Barrett's oesophagus: Can meaningful screening and surveillance guidelines be formulated based on new data and rejigging the old paradigm?

Gastro-oesophageal reflux disease (GORD) and Barrett's oesophagus (BO) have been considered to be the most important known risk factors for oesophageal adenocarcinoma (OAC). It has been the fastest growing cancer in the Western World and has occurred against a backdrop of progressive reduction in the risk estimate of malignancy associated with BO and no reduction in mortality from OAC using the prevailing screening and surveillance guidelines.
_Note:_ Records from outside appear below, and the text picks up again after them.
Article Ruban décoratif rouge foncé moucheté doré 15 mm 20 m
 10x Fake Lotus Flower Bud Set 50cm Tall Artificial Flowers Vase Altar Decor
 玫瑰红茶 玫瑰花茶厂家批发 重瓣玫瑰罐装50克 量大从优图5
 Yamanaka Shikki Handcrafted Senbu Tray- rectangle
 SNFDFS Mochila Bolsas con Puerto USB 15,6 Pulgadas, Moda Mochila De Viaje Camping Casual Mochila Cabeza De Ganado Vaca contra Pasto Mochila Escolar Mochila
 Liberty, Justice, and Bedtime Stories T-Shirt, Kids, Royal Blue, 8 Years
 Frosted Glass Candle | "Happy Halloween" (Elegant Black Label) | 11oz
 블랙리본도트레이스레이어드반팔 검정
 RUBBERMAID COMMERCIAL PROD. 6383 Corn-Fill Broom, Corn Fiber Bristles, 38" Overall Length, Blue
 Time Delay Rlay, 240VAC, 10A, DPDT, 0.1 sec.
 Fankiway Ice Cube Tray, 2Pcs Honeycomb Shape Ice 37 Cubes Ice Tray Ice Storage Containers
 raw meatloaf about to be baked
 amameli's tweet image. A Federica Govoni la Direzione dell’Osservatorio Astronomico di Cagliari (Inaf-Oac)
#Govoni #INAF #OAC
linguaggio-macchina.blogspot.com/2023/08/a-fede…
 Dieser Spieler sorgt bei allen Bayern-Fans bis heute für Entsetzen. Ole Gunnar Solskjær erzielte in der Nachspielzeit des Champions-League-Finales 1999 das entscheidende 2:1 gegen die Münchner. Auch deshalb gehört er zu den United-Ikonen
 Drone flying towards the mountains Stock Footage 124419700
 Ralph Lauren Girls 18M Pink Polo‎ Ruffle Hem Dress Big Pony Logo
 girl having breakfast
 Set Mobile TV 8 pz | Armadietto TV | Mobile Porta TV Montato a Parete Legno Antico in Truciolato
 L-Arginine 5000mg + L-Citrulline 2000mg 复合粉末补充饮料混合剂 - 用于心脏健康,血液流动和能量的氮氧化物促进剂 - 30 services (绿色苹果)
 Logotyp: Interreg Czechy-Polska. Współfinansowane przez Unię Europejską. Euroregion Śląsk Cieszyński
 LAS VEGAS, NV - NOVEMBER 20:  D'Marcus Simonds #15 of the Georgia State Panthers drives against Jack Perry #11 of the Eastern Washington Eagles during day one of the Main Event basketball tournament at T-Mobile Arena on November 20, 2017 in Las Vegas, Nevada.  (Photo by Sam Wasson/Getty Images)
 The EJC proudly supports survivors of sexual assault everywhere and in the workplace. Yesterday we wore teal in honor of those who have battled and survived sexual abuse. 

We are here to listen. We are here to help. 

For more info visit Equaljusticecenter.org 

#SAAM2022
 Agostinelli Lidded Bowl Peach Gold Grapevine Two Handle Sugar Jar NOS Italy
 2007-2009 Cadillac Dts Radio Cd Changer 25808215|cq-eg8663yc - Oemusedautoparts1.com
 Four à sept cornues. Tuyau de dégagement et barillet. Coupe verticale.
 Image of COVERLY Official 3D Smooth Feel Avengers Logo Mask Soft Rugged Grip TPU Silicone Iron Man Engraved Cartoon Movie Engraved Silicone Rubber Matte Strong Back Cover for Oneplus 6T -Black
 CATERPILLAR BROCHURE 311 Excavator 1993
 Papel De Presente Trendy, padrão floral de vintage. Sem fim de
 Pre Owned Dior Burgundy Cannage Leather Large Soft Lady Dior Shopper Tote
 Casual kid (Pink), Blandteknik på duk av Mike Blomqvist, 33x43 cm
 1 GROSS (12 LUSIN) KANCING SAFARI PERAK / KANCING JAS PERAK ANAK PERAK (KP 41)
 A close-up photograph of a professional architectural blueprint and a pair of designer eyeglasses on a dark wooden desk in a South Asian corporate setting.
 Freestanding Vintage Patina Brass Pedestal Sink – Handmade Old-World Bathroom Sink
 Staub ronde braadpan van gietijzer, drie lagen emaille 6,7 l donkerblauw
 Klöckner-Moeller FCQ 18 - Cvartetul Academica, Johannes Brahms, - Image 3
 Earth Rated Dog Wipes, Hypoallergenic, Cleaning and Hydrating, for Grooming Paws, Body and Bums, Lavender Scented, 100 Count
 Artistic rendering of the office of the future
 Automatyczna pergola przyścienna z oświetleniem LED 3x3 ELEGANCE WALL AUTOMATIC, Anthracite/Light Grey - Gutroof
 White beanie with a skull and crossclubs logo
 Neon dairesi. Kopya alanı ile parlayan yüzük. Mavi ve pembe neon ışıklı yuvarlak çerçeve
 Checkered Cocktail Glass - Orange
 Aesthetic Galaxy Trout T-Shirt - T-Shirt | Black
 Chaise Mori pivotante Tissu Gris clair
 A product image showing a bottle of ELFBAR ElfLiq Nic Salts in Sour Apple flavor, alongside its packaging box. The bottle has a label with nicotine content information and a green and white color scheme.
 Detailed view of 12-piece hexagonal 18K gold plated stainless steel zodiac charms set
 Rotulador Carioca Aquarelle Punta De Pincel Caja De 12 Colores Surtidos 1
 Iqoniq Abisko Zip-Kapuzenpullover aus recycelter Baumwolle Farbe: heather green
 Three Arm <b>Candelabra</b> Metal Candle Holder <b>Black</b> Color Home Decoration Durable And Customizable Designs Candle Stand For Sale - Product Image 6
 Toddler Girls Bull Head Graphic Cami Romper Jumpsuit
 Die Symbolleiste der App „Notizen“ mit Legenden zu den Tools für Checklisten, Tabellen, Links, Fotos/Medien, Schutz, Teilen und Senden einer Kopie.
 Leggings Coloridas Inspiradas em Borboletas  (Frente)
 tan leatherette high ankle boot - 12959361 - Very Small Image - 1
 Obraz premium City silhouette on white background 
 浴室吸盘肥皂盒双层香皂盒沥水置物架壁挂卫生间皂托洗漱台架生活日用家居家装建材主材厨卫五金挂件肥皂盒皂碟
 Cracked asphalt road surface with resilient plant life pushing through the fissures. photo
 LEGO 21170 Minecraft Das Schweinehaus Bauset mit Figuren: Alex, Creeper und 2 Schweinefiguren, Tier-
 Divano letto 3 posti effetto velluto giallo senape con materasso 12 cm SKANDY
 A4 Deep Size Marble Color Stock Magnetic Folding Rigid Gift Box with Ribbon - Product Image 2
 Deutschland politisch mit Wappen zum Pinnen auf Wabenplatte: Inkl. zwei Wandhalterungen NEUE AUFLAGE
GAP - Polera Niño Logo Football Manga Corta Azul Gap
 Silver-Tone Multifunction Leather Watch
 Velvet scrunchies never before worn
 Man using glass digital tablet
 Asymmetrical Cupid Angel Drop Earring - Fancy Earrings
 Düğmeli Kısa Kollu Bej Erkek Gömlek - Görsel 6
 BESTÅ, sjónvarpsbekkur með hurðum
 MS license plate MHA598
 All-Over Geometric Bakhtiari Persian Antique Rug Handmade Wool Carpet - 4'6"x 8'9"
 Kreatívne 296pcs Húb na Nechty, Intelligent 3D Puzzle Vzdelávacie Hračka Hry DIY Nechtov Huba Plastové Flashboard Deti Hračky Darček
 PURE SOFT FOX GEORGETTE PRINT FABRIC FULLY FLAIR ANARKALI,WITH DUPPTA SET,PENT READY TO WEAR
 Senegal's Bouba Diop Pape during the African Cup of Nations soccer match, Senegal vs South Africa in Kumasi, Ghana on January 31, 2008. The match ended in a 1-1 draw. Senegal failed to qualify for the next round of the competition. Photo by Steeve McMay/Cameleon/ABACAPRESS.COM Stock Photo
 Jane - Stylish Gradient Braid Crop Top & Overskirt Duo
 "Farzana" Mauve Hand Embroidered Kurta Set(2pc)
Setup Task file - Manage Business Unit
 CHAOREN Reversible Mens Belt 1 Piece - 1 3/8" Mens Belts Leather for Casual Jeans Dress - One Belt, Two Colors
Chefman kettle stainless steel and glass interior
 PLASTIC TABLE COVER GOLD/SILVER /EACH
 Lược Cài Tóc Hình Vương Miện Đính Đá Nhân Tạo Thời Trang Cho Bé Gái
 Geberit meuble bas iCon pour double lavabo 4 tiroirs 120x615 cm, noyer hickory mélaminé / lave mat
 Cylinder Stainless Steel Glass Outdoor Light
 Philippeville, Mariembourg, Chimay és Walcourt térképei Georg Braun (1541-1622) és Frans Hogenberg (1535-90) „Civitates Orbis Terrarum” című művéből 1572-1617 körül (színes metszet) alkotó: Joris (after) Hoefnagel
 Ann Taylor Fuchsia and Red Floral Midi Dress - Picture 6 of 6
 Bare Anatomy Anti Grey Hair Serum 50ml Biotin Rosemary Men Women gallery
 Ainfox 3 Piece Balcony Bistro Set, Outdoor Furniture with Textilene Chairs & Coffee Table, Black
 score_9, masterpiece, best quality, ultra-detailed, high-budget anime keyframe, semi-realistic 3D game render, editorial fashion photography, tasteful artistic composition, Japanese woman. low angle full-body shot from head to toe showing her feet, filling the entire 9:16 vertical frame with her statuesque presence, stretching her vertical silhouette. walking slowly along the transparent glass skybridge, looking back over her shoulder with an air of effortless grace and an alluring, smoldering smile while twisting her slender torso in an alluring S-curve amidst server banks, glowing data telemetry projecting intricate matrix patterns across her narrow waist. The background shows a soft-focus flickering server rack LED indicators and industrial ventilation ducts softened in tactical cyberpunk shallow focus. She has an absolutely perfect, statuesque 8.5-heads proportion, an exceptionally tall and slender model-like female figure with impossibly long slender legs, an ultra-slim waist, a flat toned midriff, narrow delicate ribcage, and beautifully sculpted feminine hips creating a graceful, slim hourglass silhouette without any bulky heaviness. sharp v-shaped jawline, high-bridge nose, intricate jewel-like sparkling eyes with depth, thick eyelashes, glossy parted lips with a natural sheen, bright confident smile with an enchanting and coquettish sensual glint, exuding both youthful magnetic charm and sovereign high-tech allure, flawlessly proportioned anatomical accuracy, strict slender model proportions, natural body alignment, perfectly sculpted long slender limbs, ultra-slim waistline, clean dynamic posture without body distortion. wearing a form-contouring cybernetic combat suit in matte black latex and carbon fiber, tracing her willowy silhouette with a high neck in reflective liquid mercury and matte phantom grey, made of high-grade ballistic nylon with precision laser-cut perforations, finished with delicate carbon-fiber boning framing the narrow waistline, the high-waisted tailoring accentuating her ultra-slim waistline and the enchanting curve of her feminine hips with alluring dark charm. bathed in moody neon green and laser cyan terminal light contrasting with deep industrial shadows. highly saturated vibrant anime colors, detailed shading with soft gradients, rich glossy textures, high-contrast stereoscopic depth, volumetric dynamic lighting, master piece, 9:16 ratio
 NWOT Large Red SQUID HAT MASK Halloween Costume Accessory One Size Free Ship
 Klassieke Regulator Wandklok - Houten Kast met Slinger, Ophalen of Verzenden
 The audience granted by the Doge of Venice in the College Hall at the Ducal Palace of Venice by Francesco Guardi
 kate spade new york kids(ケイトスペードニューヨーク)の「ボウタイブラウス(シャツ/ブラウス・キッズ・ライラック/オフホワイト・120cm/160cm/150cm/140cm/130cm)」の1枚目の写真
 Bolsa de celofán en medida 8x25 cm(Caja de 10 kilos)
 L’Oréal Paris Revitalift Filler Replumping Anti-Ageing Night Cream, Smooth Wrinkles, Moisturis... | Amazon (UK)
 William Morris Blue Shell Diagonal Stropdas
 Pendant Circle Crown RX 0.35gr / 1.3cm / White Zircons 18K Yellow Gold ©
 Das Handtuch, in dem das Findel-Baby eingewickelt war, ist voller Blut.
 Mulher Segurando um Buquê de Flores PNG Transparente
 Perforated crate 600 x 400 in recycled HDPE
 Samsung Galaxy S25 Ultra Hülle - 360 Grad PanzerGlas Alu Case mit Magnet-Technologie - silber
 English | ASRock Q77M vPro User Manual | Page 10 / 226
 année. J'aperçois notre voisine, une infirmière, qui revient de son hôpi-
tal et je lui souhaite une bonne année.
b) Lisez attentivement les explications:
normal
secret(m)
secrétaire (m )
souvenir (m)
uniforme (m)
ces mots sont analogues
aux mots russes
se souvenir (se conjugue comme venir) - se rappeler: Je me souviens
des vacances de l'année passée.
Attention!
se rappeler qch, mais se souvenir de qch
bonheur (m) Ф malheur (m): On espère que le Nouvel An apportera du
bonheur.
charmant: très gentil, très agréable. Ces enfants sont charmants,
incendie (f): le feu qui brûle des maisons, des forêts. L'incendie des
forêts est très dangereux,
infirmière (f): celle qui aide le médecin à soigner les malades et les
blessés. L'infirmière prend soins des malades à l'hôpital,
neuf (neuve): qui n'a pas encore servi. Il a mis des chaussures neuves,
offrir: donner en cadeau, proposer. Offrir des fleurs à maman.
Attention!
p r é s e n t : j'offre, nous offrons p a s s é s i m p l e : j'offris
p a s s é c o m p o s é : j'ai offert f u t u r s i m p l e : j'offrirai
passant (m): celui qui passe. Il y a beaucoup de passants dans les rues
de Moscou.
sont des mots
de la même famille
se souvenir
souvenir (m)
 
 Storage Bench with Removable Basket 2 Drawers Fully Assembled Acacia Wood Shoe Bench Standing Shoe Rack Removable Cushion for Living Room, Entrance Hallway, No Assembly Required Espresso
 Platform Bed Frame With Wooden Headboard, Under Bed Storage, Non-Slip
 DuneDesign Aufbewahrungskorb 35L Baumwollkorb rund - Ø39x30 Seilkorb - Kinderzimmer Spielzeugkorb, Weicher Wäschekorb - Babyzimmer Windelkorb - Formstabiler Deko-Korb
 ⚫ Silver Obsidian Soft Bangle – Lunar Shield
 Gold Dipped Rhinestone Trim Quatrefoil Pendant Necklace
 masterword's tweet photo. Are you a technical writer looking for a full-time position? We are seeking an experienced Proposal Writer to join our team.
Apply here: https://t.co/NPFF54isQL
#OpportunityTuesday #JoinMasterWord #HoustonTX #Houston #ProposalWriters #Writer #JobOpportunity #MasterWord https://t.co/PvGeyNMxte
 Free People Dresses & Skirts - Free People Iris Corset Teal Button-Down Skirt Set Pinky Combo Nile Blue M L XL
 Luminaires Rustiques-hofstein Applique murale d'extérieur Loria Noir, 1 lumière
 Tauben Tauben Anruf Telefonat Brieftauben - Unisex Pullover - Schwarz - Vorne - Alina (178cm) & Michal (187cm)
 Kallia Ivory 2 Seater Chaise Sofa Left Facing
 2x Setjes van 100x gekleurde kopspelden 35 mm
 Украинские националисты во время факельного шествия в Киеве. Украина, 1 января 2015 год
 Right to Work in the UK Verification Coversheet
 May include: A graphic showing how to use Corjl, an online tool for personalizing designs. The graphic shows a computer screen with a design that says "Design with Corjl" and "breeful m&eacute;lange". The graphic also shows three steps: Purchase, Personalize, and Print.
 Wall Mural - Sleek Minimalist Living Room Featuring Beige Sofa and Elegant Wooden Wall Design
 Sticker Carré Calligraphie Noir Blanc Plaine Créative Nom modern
The recently published link between high risk HPV and Barrett's dysplasia/cancer may be the ‘missing’ strong risk factor responsible for the significant rise of OAC since the 1970's, as has been the case with head and neck tumours, another viral associated cancer. P53 immunohistochemistry has been proposed as a good molecular marker for predicting disease progression in BD. Nevertheless, significant negative staining for this mutation in BD remains a major hurdle to widespread routine clinical use as a sole molecular marker. Recent data raises the distinct possibility of at least 2 (probably more) carcinogenic pathways operating in OAC. One is HPV mediated devoid largely of p53 mutations and the other p53 dependent. The joint use of both these markers as part of a molecular panel may represent the best bet yet of detecting the high risk group of progressors to OAC. Patients who are positive for either or both biomarkers i.e p53 or/and transcriptional markers of HPV may warrant more intensive screening. In future, genome wide technology may provide molecular signatures to aid diagnosis and risk stratification in BO.